Nigerian President Muhammadu Buhari will return to the country Saturday
after more than three months
in London for medical treatment, his office
announced, while giving no details on what exactly has been ailing him.
Buhari will address the nation in a broadcast Monday morning, the statement from the office of the presidency said.
The government of Africa's most populous nation has never said what kind
of medical treatment the 74-year-old leader has been receiving. He also
spent seven weeks in London for treatment earlier this this year and
said he had never been so sick in his life. He also spoke of receiving
blood transfusions.
Saturday's statement merely called it a "health challenge."
Buhari's long absences have led some to call for his replacement and for
the military to remind its personnel to remain loyal.

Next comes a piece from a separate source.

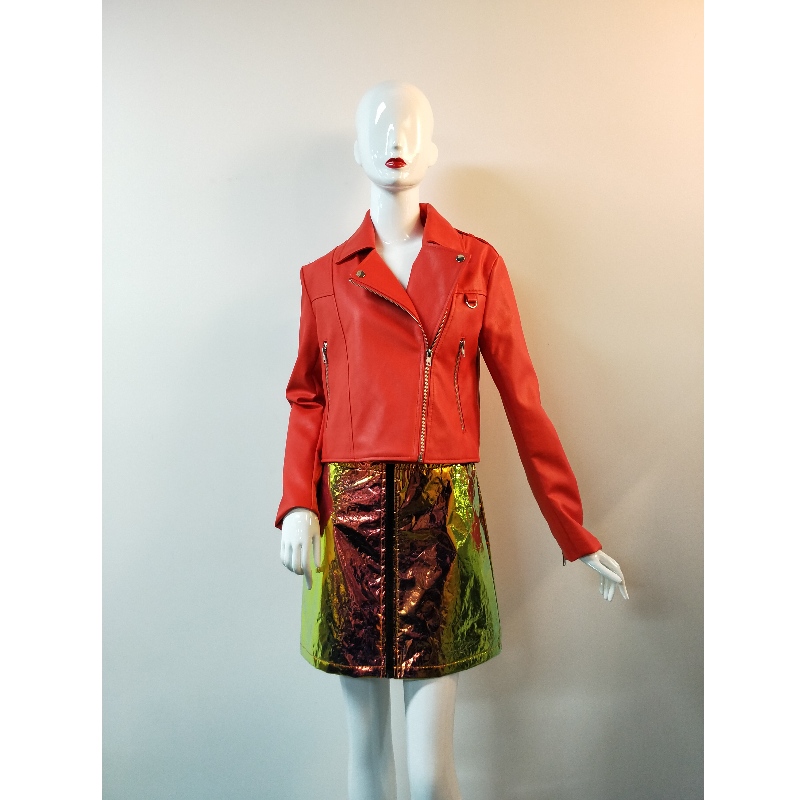 CHAQUETA BIKER ROJA PU RLWPJ0004N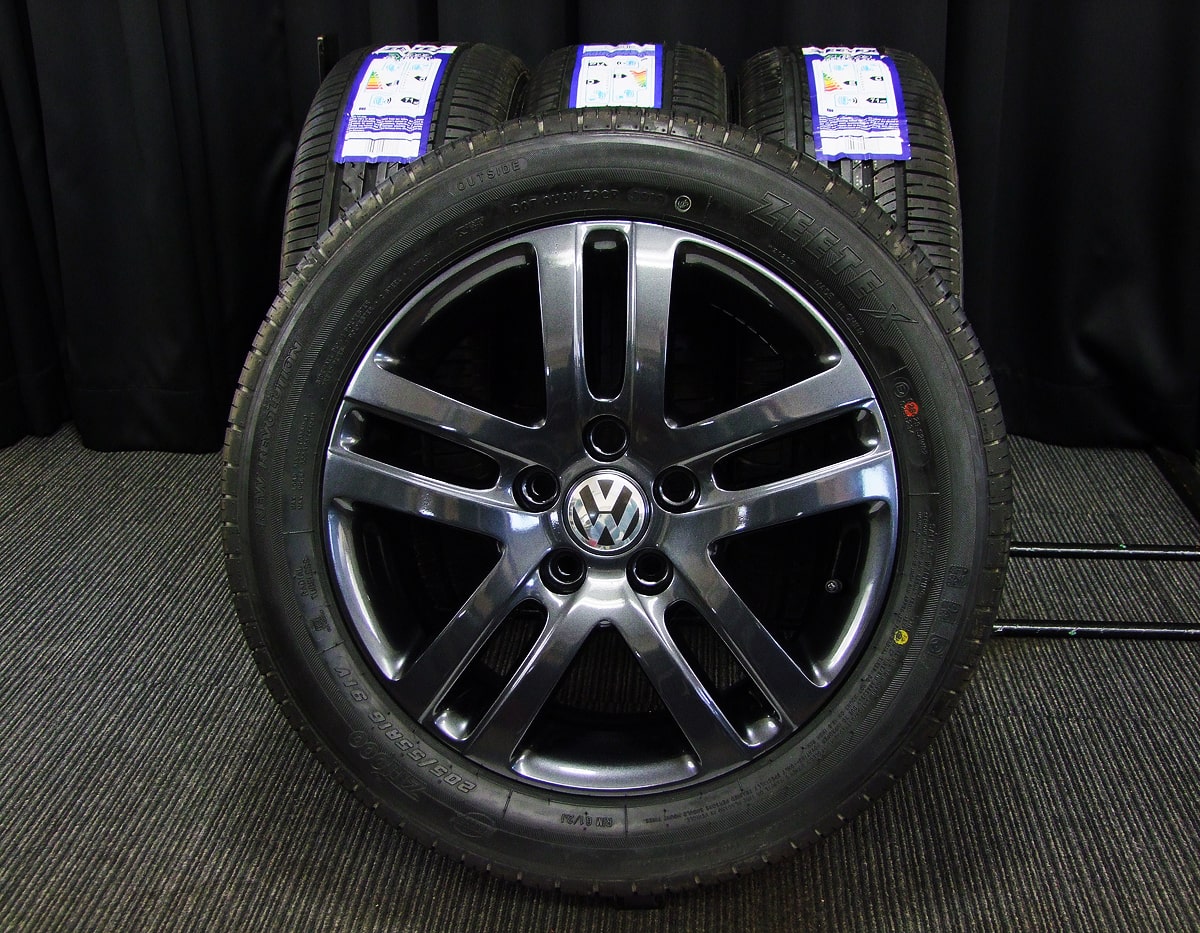 VOLKSWAGEN (フォルクスワーゲン) GOLF (ゴルフ) 純正 16×6.5J(+50)PCD112-5H リメイク ガンメタ ZEETEX  (ジーテックス) ZT1000 新品 205/55R16 タイヤホイール 4本 [16gas057] | カートレード21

In recent weeks,
his office has been releasing photos of officials meeting with the
rail-thin but smiling president in the hope of reassuring people back
home.
Nigeria's ongoing challenges include the deadly Boko Haram insurgency, a
weak economy and one of the world's worst humanitarian crises, with
millions malnourished in the northeast.
With Buhari away, Nigeria
has been led by acting president and Vice President Yemi Osinbajo, who
met with the president in London in mid-July and announced that Buhari
would return to Nigeria "very shortly."
Observers have feared that political unrest could erupt in Nigeria, particularly in the predominantly Muslim north, should Buhari not finish his term in office. The previous president was a Christian from the south, as is Osinbajo.
When former President Musa Yar'Adua was ill abroad for months before
coming home to die in 2009, northerners blocked his southern Vice
President Goodluck Jonathan from assuming power, creating a months-long political paralysis.
Jonathan was eventually confirmed, but his subsequent successful run for
election angered many Muslims, breaking an unwritten agreement that
power rotate between northerners and southerners.